A British Nobel Prize winner and the head of major scientific societies recently said "serial offenders" casting man-made climate change in a skeptical light "should be crushed and buried."
The Guardian reported that Sir Paul Nurse, the incoming president of the British Science Association and current president of the Royal Society, made these remarks to journalists ahead of the British Science Festival. He encouraged scientists to call out politicians and others who skew scientific data.
But first, he said he hoped that scientists would try to forge good relationships with politicians and lobbyists "so that they feel ashamed to say some of the things they say," the Daily Mail reported of Nurse's remarks.
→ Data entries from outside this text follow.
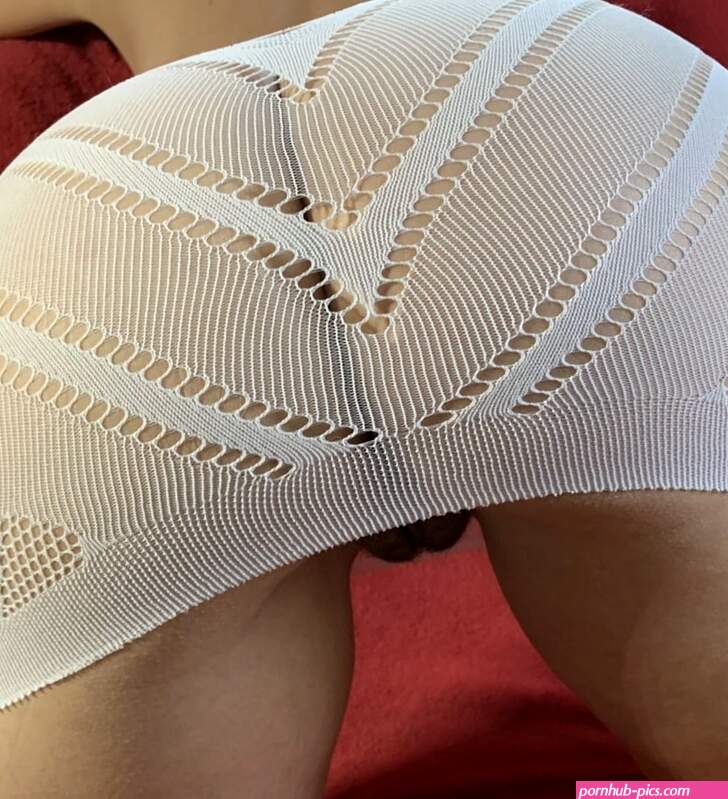 Hot sexy milf: 7 Nude Pics
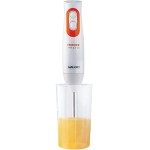 Mixer Mallory Trikxer Pratic- 3 EM 1-220V - Imagem 5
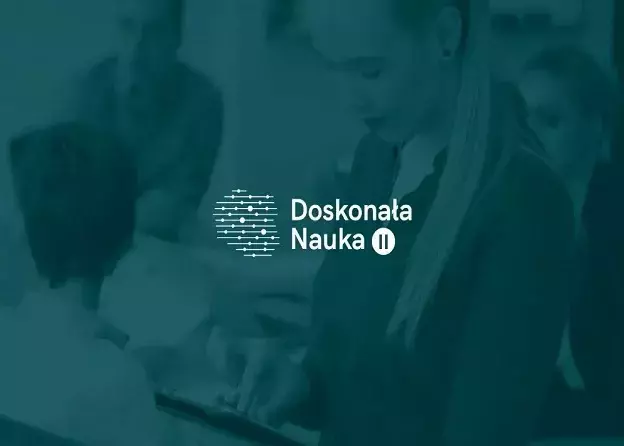 dr hab. Adam Rutkowski, prof. UG otrzymał dofinansowanie na konferencję naukową w ramach programu…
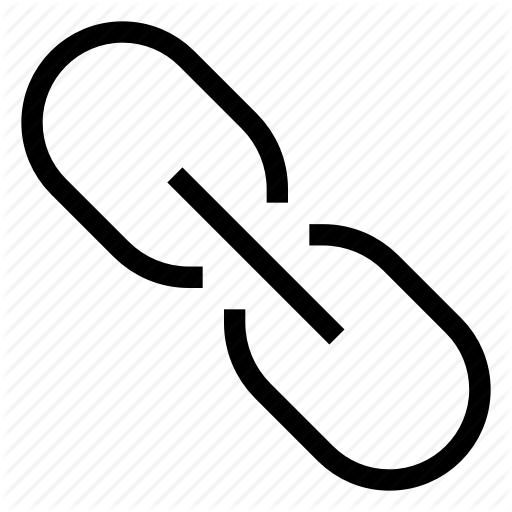 Chain, Connect, Connection, Html, Link, Network, Share Icon 512x512 Chain, Connect, Connection, Html, Link, Network, Share Icon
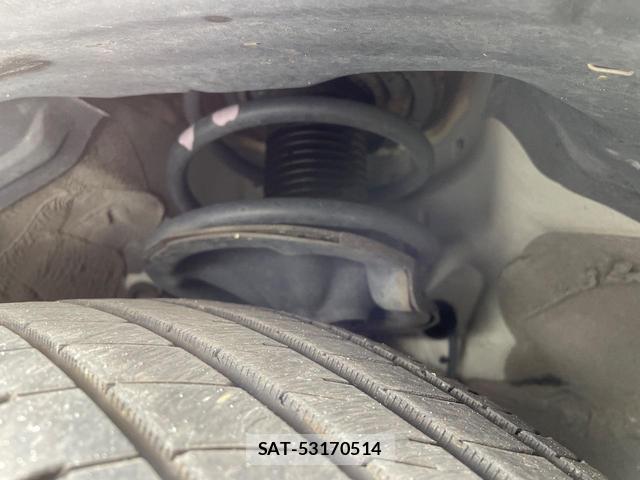Nissan TEANA 2007-06 8053734-19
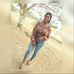 Profile Picture of Deborah Daniels (@deborah.daniels.37819) on Facebook
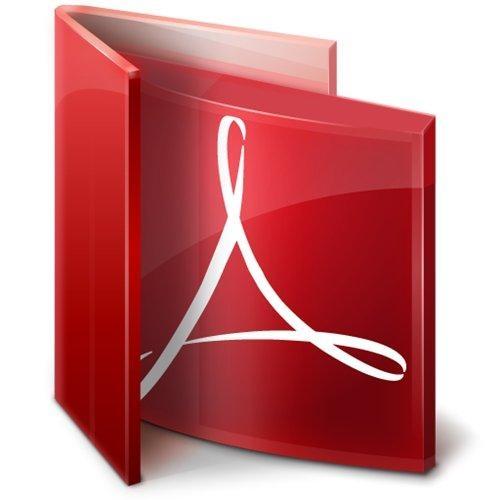 AdobeReader/AcrobatسΣ©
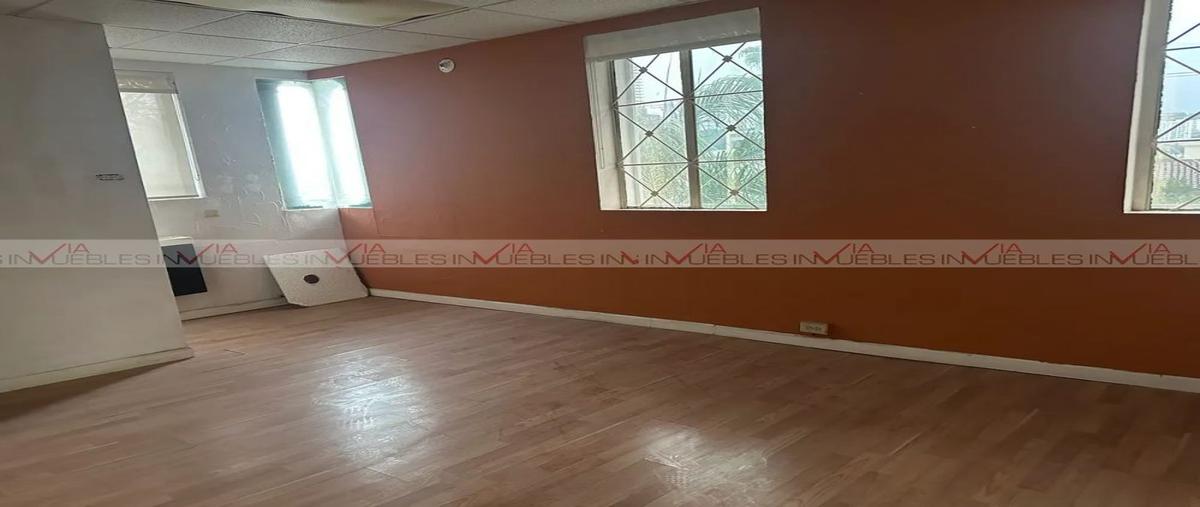 Foto de casa en venta en  , obispado, monterrey, nuevo león, 0 No. 05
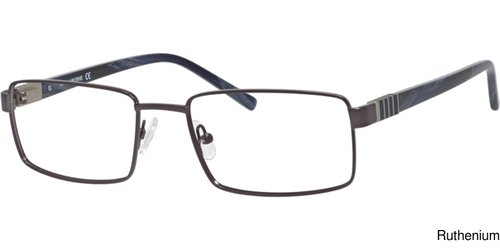 Claiborne Replacement Lenses 64299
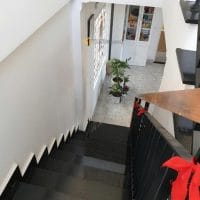 Villa Sổ riêng Mai Xuân Thưởng, Đà Lạt 200m2 ngang 18m đường ô tô giá chỉ 9.5 tỷ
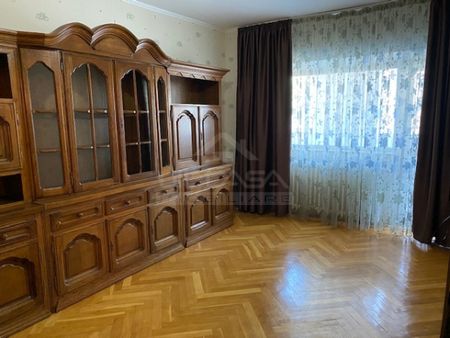 Apartament 3 camere, Gara - Fotografie 2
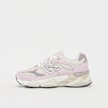 New Balance 9060 Enfants rose 93879 1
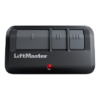 Liftmaster 98032 Door Opener - Remote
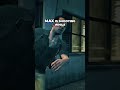 Max Payne 3 Has INSANE Moments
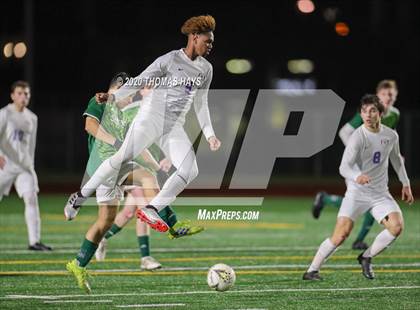 Thumbnail 3 in Byrd @ Captain Shreve photogallery.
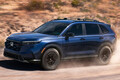 ちょ、待て！　アメリカでこんな凄い日本車売ってるの？　日本のファンが欲しくてたまらん「北米専売」の日本メーカーSUV４選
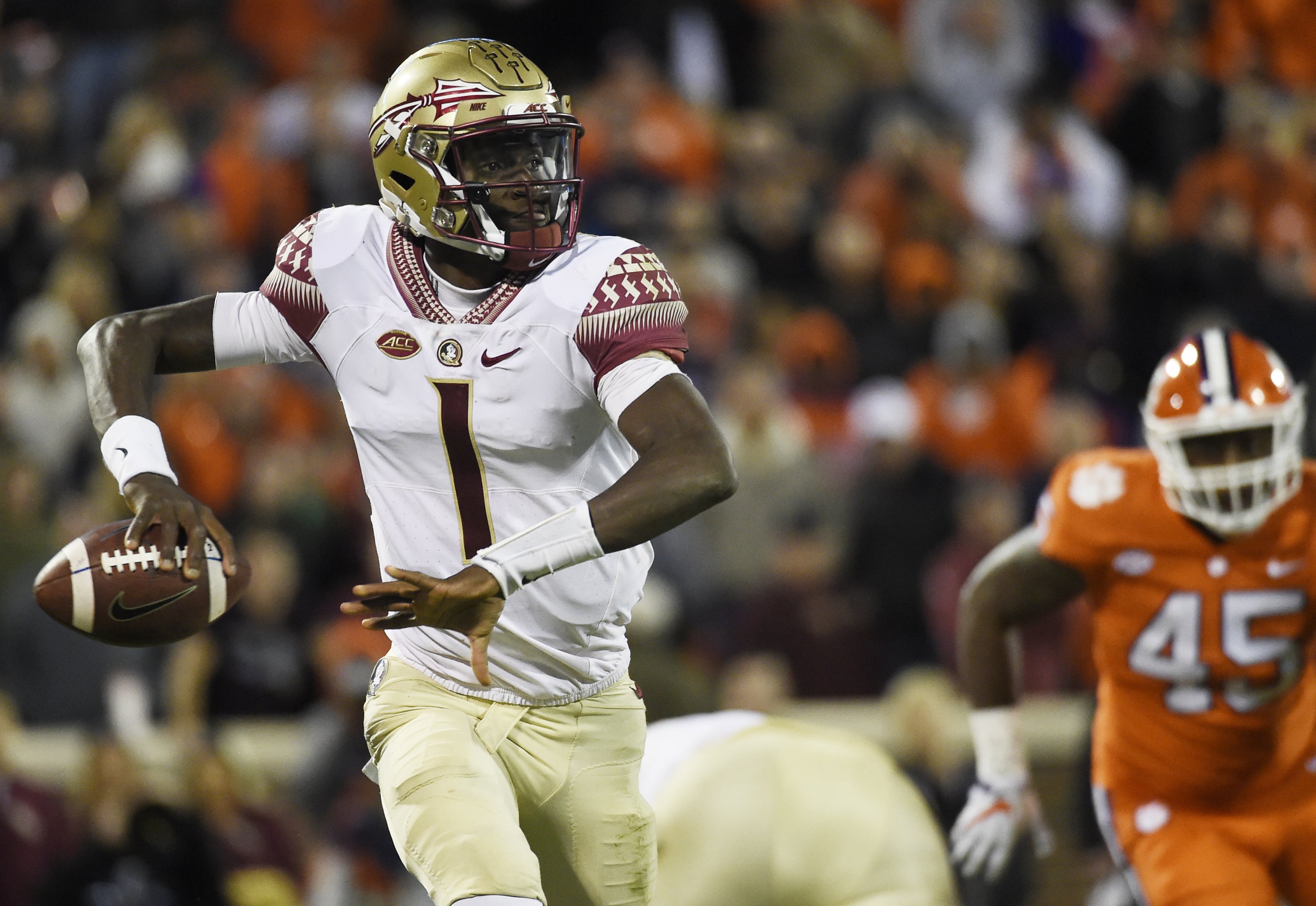 College Football Playoff Standings 2017 Week 13 Rankings Bowl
"Today we have those who like to mix science up with ideology and politics, where opinion, rhetoric and tradition hold more sway than adherence to evidence and adherence to logical argument," Nurse said. "We have to be aware of, and beware, organizations that masquerade as lobbying groups, which we see a lot in climate change. We have to be aware of politicians that cherry pick scientific views, even ministers who listen to scientists when it's about GM crops and then ignore them when it's about climate change."
A study published in the journal Climate Risk Management this week reported new statistical analysis that suggests it is "highly likely" — 99.999 percent — that greenhouse gases in the atmosphere as a result of human activity over the 304 consecutive months were the cause of "anomalously warm global temperatures."
Last month, a draft of the United Nations' Intergovernmental Panel on Climate Change's final synthesis report warned that it was increasingly likely that climate change could be irreversible. The report said the climate changes that have already occurred are widespread and consequential, while the human fingerprints on the problem are clear and unequivocal.
At the same time, another study published by a Canadian environmental economist suggested that a warming trend hasn't happened for nearly two decades.
“In my paper I'm not actually looking at the climate models, I'm just looking at the temperature data and asking how long is the pause, and I make it out to be about 19 years at this point,” Dr. Ross McKitrick, a professor at the University of Guelph teaching courses in environmental economics, told KTRH News of his research. “Because these have big policy implications and some big public discussions, people just need to actually go and look at the numbers themselves and think the story gets pretty clear at that point,” he says.
While many scientists have not wanted to entertain debates with those who hold a different ideology compared to what the majority of the scientific community believes, Nurse encouraged these scientists to be open to discussing heated topics.
"It can be terribly time consuming. There is a constant regression to little points that constantly require rebuttal, so it can be very stressful. But once the debate is in the media or on the airwaves or TV we have to be engaged," he said, according to the Guardian.
(H/T: Daily Mail)
The Associated Press contributed to this report.